Pink may or may not be the navy blue of India, as Diana Vreeland famously declared. Red is definitely the navy blue of Mars. Or so it would appear from the latest excursion undertaken by the antic expeditionary force that is Nicholas Kahn and Richard Selesnick. Their “Mars: Adrift on the Hourglass Sea’’ runs at Carroll and Sons through Oct. 23.
NICHOLAS KAHN AND RICHARD SELESNICK — MARS: ADRIFT ON THE HOURGLASS SEA
At: Carroll and Sons, 450 Harrison Ave., through Oct. 23
617-482-2477,www.carrollandsons.net
Photographers and conceptual artists, Kahn and Selesnick work at the visual intersection of what-might-be, you-must-be-kidding, and well-why-not. Previously, they have envisioned Edwardian voyages to the moon (“The Apollo Prophecies’’), a vanished Central Asian capital (“City of Salt’’), a Weimar-era city-state ensconced on a Baltic iceberg (“Eisbergfreistadt’’). These projects manage to be arresting to look at, intriguing to contemplate, gymnastically witty.

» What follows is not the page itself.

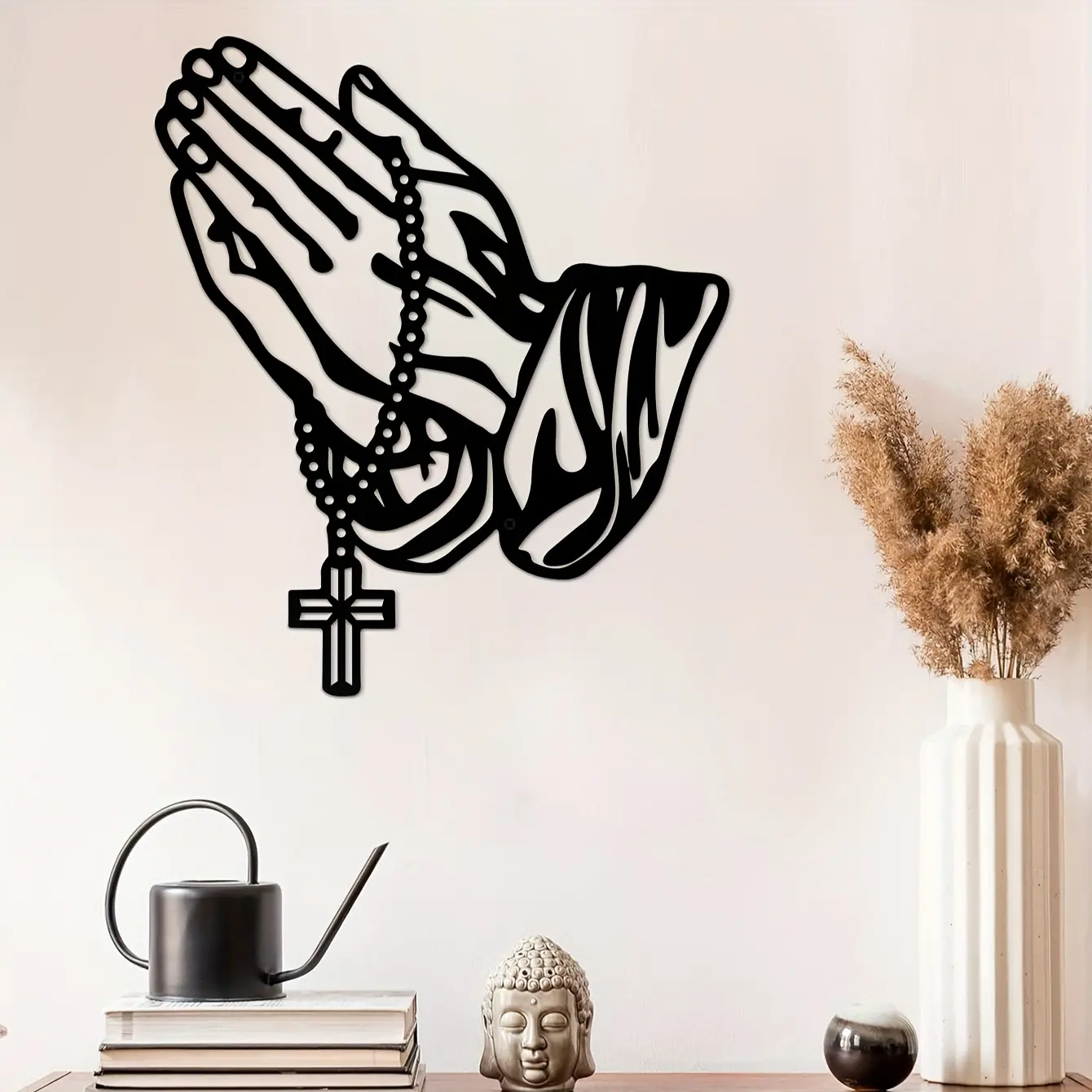 Christian Cross Wall Decor, Religious Home Decor, Iron Construction, Easy Hanging Screws Included, Home Church Office Decoration, Religious Decorations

“Mars: Adrift on the Hourglass Sea’’ is a meditation on time (the hourglass sea on which the universe floats) and space. That space is Martian, of course — though in the sense it communicates of an inhospitable environment ill treated by former inhabitants it brings to mind a planet much closer to home.
The show consists of one painting, two dozen photographs, eight large sculptures of concrete or concrete and tin, and 50 small pieces of tin and lead. Many of the photographs draw on NASA photo-mosaics assembled from Martian rover images, as well as photographs taken by Kahn and Selesnick in the Nevada and Utah desert.
The prevailing mood is one of ecstatic desolation. The deadpan goofiness often to be found in prior Kahn and Selesnick projects is little evident. “The mind is a machine for creating and upholding context,’’ they have said. The context they provide here is intellectual no less than extraplanetary. In the 18th century, Edmund Burke suggested that “the ruling principle of the sublime’’ is “terror.’’ Here Kahn and Selesnick attempt a contemporary definition of sublimity: consistent unease.
A woman from Earth — a survivor of some apocalyptic event — moves through many of the photographs. More exile than explorer, she inhabits a Mars not so much arrived at as escaped to. No wonder there’s a surpassing sense of sadness whenever we see her.
What she encounters is a very strange environment, indeed. There are geodesic domes, canals (of course), pyramids, obelisks, giant balloons, concrete boats. These are the large sculptures: physically impressive, if nautically unsound. Also visible are curved structures called “Concrete Ears.’’ One of them looks like Mickey Mouse ears attached to a giant alarm clock (another reference to time?).
Despite its name, another “Concrete Ear’’ looks metallic. Imagine a Richard Serra sculpture marooned in the middle of a Martian nowhere. Come to think of it, COR-TEN steel rusts to a complementary shade of russet. The landscape in “Memento Mori’’ manages to be funny and harrowing all at once. It could have migrated from a Max Ernst canvas. “Petrified Ships’’ is like a multiple-vessel variant on Gericault’s “Raft of the Medusa.’’ “The Blue Scorpion,’’ with its melancholy view from behind of a space-suited mother and child facing a vast and threatening dust cloud, recalls Caspar David Friedrich.
Clearly, Kahn and Selesnick know their art history. They know it the way Abbott and Costello knew their baseball players. Who’s on first? Who’s on Mars is more like it.